その3) MACHAKOの新たな決意!それは。。。

 

 そんなこんなで教え始めての一年目はあっという間に過ぎていったのです。だけど私はその年の夏。つまり教え始めて3,4ヶ月くらいたって「男性に教えるのって大変」と思い始めてから、あることをすでに決めていました。

 それは「来年はキューバに住む」ってことです。
 今までもダンスをレッスンした量は、人に負けてないと思ってましたけど、やっぱり何かが足りない。それは向こうの生活をしてないからだ。って思ったの。もっとキューバ人を知らないとダメだと思ったの。そしてサルサはサルサだけじゃない、もっと以前からのキューバダンスを勉強しないと理解が深まらない。とも思いました。なんとか仕事を数ヶ月休んで(勝手に決めている・・)、キューバに住んでもっといっぱいダンスを勉強するんだ!!!って決めました。

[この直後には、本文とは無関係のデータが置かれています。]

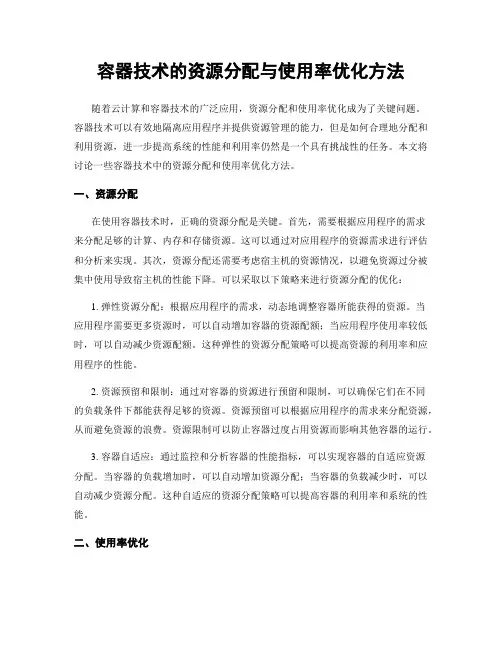 容器技术的资源分配与使用率优化方法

 それでその目的のために実は着々と女性のアシスタントを育てていたのです。

 それが現在活躍している「SIORIN先生」そして今はおかあさんになってしまった「YOTTI」です。2人には「来年は私は3ヶ月はキューバに行くから2人はアシスタントとして代行できるように頑張ってね。」とことあるごとに言いつづけ思い込ませ?!2人をその気にさせました。(実際SIORINは週に4回はレッスンしていたと思う。)

 とにかく「やる」と決めたら絶対やってしまうのが私ですから、普通だったらたくさんの生徒を抱えて何ヶ月も日本を留守にはできない先生業ですが、「絶対この2人(SIORIN&YOTTI)だったら代行ができる。」って信じて色々なことを教えていきました。「来年もサルサを教えつづけるためにはどうしても自分にはその経験が必要だから!」って言ってね。(笑)

 その頃はとにかく「もっともっと上手くなりたい」「もっともっと男役を覚えたい」「教えたい」「グループで色々なダンスをもっと発表していきたい」などなど、、、数々の野望が芽生えていたので(笑)日々のレッスン。そして来年のキューバ生活のことで頭がいっぱいでした。
 だけど困ったことに、私は今まで2回キューバにいったわけですが、キューバにはそんなに知り合いもいないし、書いてのとおりあのような、はちゃめちゃなキューバ旅行経験しかないのでさすがに 3ヶ月もなにもわかんないまま行くのってやっぱり不安だなーっていう気持ちがあったのです。
 けれど、その不安がこれからの MACHAKOにとってなくてはならない人物をひきよせていったのかもしれません。そう。不安さえもプラスにこのときは作用していったのです。